Rationale and Recommendations

Each guideline is summarized below by its rationale and core recommendations. ● = must, ○ = should. See the guidelines for the full statements, the applicability matrix for per-study-type severities, and the reporting checklist for an item-by-item breakdown.

Guideline Rationale Core Recommendations
Declare Usage Transparency enables informed assessment of scope and limitations. ● Declare which LLM, how it was used, and where in the research process.
Model Version Reproducibility requires precise identification of the system used in a study. ● Report exact version, date, configuration, and fine-tuning details.
Design Static artifacts determine what the model sees on every call and must be documented in full. ● Describe architecture, infrastructure, prompts and templates (with development strategy), context files, tool catalog, agent architecture, and retrieval mechanisms.
○ For LLM usage, describe the tool architecture to the extent accessible.
Traces Runtime traces make LLM and agent behavior verifiable despite non-determinism and tool opacity. ● For studies of LLM usage, share full interaction logs subject to privacy constraints.
○ Otherwise, share interaction logs, runtime traces, and plans where feasible.
Benchmarks Meaningful evaluation requires reasoned valid measurement. ● Justify metric and benchmark choices; discuss their validity.
○ Define the phenomenon and sampling strategy; isolate confounders; analyze errors; repeat experiments and report distributions.
Open LLM Reproducibility depends on access to the model under study. ● For benchmarking studies, include an open LLM.
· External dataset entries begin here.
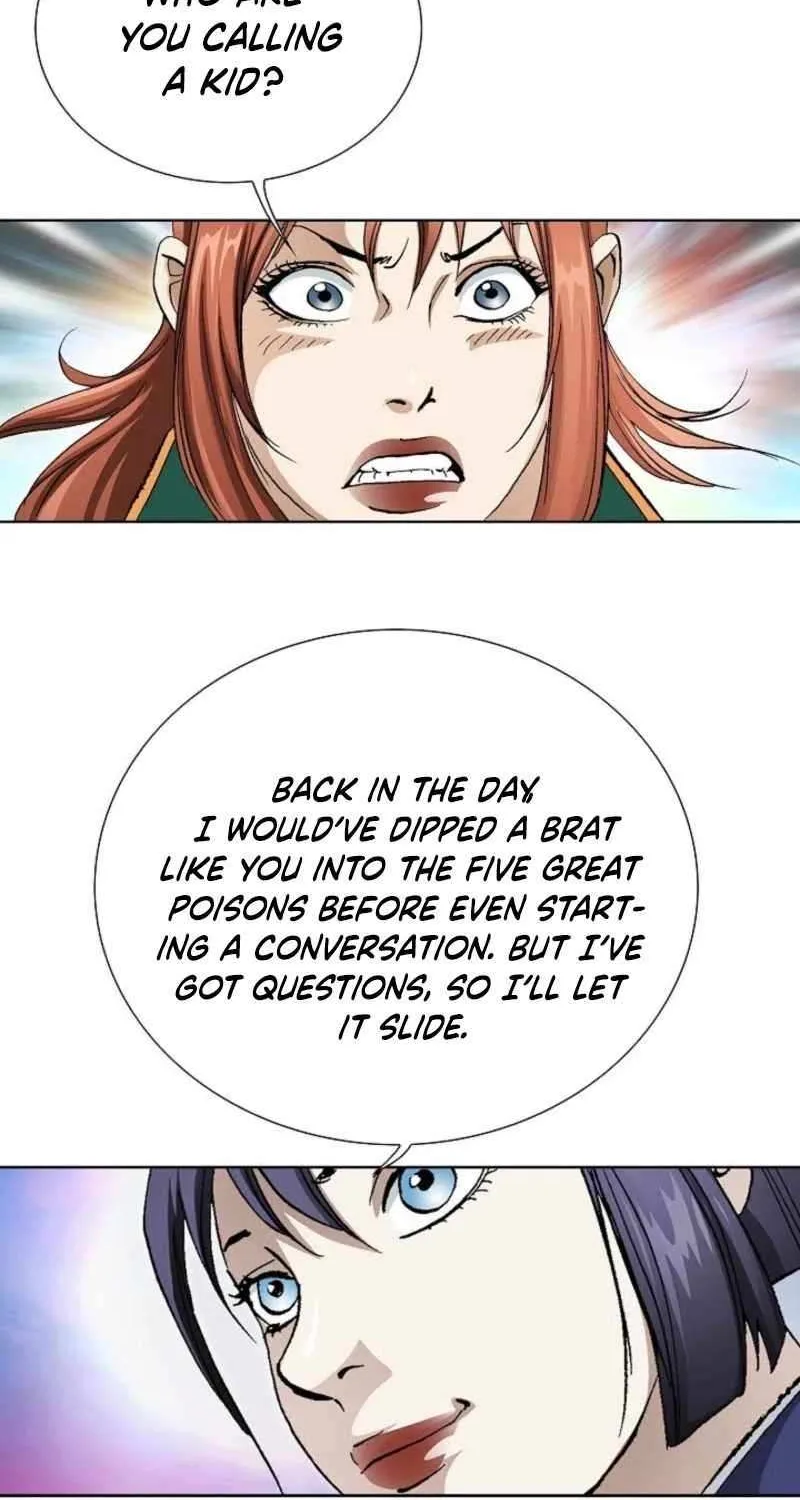 Read Peerless chapter 67 image 73 on Lezhin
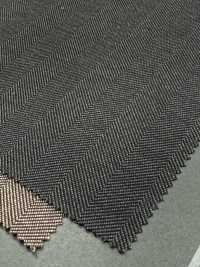 1071526 TC Strong Twist Jersey Herringbone[Textile / Fabric] TAKISADA NAGOYA Sub Photo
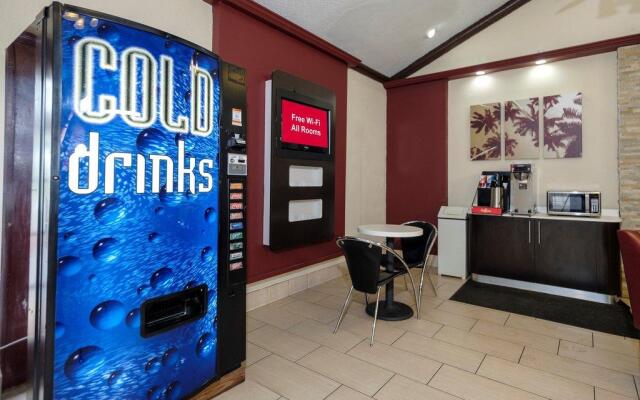 Red Roof Inn New Orleans - Westbank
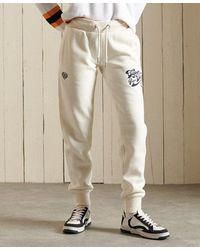 Superdry Track pants and sweatpants for 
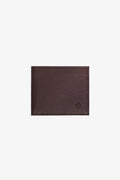 Slim Bi-Fold Wallet with Contrast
○ Otherwise, include an open LLM as a baseline; provide a replication package.
Human Validation Automated metrics alone cannot ensure validity of subjective constructs. ● Define the measured construct and share any custom measurement instruments.
○ Validate against human judgment with inter-rater reliability; describe rater demographics for value-laden constructs.
Limitations Honest acknowledgment of threats strengthens a study. ● Discuss threats to internal validity (data leakage), reliability (non-determinism), construct and external validity.
○ Employ mitigations where possible.